BEGIN Records provided
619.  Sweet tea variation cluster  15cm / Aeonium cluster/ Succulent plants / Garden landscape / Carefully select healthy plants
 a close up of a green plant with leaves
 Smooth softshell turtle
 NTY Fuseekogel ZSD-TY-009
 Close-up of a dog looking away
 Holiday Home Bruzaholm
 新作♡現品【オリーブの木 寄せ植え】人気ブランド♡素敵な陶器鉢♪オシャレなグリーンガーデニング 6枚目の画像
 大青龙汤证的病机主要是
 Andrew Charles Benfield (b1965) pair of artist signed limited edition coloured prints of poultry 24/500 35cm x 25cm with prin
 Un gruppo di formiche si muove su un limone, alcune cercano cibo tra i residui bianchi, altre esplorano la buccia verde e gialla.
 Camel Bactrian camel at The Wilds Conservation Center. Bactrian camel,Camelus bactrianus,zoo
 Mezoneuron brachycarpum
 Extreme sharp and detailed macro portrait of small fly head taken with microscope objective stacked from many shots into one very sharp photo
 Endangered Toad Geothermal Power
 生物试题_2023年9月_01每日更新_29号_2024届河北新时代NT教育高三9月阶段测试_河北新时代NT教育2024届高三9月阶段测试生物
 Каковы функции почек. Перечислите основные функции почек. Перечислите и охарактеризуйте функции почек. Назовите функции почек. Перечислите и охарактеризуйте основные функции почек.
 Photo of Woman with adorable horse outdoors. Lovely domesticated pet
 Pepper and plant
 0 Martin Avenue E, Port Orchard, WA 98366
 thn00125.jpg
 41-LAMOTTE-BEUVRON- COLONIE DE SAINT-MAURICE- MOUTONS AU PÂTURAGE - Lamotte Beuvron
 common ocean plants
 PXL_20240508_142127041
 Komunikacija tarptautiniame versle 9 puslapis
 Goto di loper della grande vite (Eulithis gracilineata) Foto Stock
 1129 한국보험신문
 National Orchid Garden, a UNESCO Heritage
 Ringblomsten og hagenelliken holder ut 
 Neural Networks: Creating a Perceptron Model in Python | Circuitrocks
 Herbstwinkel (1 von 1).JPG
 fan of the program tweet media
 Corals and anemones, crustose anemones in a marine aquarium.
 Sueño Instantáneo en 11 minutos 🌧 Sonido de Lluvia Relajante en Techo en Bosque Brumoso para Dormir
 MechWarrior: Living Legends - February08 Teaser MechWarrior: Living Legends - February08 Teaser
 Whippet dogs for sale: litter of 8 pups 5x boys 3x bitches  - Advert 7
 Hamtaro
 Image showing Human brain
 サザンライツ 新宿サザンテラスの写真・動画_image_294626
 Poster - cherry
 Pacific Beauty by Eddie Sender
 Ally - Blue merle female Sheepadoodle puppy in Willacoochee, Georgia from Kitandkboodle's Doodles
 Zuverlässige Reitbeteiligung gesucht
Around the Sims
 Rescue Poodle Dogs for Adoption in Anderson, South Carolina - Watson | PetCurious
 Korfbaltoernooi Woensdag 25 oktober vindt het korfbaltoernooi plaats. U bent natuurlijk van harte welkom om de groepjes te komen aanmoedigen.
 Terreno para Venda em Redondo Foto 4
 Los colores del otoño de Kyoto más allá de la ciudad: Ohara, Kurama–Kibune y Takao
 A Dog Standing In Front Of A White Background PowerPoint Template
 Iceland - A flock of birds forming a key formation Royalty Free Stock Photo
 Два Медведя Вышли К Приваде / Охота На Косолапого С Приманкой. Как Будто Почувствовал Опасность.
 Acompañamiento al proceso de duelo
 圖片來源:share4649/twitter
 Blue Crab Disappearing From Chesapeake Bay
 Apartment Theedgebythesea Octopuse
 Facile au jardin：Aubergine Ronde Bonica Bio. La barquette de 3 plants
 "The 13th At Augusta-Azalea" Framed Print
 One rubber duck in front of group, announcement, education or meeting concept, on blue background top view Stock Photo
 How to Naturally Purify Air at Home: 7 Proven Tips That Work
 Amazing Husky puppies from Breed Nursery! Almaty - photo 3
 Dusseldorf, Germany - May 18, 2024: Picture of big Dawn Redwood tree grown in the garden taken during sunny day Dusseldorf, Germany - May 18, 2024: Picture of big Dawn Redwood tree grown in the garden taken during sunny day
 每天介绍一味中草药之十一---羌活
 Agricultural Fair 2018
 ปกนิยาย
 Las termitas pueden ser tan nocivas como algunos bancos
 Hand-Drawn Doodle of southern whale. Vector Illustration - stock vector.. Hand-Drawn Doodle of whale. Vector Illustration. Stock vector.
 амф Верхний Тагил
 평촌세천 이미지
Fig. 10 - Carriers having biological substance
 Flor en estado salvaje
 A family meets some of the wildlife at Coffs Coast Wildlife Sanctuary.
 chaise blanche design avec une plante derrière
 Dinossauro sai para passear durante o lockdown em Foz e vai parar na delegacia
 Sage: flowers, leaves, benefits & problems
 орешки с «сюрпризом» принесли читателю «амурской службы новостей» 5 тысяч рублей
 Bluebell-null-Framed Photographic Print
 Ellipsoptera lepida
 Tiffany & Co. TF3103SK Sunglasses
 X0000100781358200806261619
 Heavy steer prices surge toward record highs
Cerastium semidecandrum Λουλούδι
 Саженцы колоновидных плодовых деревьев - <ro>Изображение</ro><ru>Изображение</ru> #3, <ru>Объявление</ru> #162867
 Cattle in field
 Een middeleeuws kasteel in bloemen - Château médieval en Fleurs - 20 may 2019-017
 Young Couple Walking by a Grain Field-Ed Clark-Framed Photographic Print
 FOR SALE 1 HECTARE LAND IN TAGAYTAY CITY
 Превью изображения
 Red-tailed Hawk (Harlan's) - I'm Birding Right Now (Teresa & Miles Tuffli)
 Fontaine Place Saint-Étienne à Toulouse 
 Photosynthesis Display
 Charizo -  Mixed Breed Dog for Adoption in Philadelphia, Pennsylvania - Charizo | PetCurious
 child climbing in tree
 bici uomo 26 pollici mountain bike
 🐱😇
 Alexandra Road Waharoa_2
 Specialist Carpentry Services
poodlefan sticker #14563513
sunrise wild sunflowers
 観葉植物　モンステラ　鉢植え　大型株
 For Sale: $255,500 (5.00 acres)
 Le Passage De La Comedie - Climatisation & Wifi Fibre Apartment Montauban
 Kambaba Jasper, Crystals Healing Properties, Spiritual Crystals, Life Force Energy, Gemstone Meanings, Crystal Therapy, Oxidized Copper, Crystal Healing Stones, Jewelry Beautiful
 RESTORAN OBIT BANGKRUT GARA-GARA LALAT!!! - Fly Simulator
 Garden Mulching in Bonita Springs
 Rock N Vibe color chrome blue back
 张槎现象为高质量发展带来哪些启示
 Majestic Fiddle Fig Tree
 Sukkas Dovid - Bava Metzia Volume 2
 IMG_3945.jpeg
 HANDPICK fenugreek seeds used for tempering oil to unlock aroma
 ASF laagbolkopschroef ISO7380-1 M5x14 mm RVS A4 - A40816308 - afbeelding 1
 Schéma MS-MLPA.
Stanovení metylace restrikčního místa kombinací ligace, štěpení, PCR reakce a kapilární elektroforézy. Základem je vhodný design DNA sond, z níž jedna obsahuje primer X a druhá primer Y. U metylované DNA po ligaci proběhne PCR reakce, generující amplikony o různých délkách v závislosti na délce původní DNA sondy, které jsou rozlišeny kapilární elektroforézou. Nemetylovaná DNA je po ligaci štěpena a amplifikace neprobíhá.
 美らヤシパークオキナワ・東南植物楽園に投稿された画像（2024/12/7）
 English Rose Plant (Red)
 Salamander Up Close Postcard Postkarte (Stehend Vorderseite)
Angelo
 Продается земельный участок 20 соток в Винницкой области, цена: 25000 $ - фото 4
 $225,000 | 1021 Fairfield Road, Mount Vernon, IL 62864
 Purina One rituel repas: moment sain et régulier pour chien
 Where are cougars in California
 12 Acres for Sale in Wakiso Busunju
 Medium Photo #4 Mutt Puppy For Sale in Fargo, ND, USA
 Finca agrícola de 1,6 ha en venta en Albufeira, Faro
END Records provided
- Required action: All lines from the top of the data through the line containing "Holiday Home Bruzaholm" need to be retyped exactly, and nothing more.

- Result of this task:
619.  Sweet tea variation cluster  15cm / Aeonium cluster/ Succulent plants / Garden landscape / Carefully select healthy plants
 a close up of a green plant with leaves
 Smooth softshell turtle
 NTY Fuseekogel ZSD-TY-009
 Close-up of a dog looking away
 Holiday Home Bruzaholm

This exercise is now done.